There ought to be a sensible way to write an each_variable function to which you provide a callback (which wouldn't have to allocate the intermediate storage); I'll edit this answer to include it if I think of something. Edit 1: I thought of something.
Here's another way to write it, which I think is slightly nicer:
class Object
def each_variable(name=nil, depth=0, parent=nil, &block)
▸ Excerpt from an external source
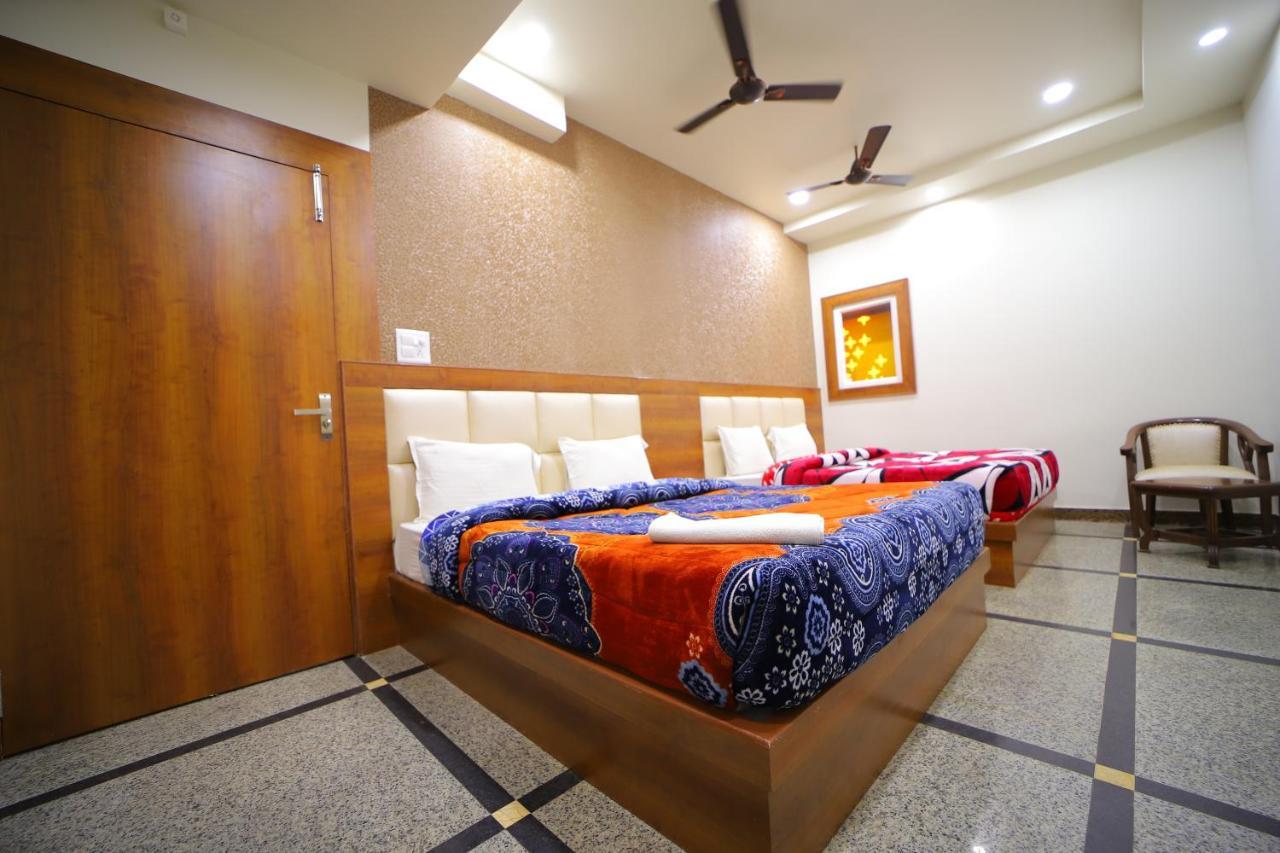 Hotel Royal Phoenix Agra  Eksteriør bilde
yield name, self, depth, parent
self.instance_variables.each do |var|
self.instance_variable_get(var).each_variable(var, depth+1, self, &block)
end
end
end
def inspect_variables(obj, nl="\n", indent="\t", sep=': ')
out = ''
obj.each_variable do |name, var, depth, _parent|
out += [indent*depth, name, name ? sep : '', var.inspect, nl].join
end
return out
end
The Object#each_variable method takes a number of optional arguments, which are not designed to be specified by the user; instead, they are used by the recursion to maintain state. The given block is passed (a) the name of the instance variable, or nil if the variable is the root of the recursion; (b) the variable; (c) the depth to which the recursion has descended; and (d), the parent of the current variable, or nil if said variable is the root of the recursion. The recursion is depth-first. The inspect_variables function uses this to build up a string. The obj argument is the object to iterate through; nl is the line separator; indent is the indentation to be applied at each level; and sep separates the name and the value.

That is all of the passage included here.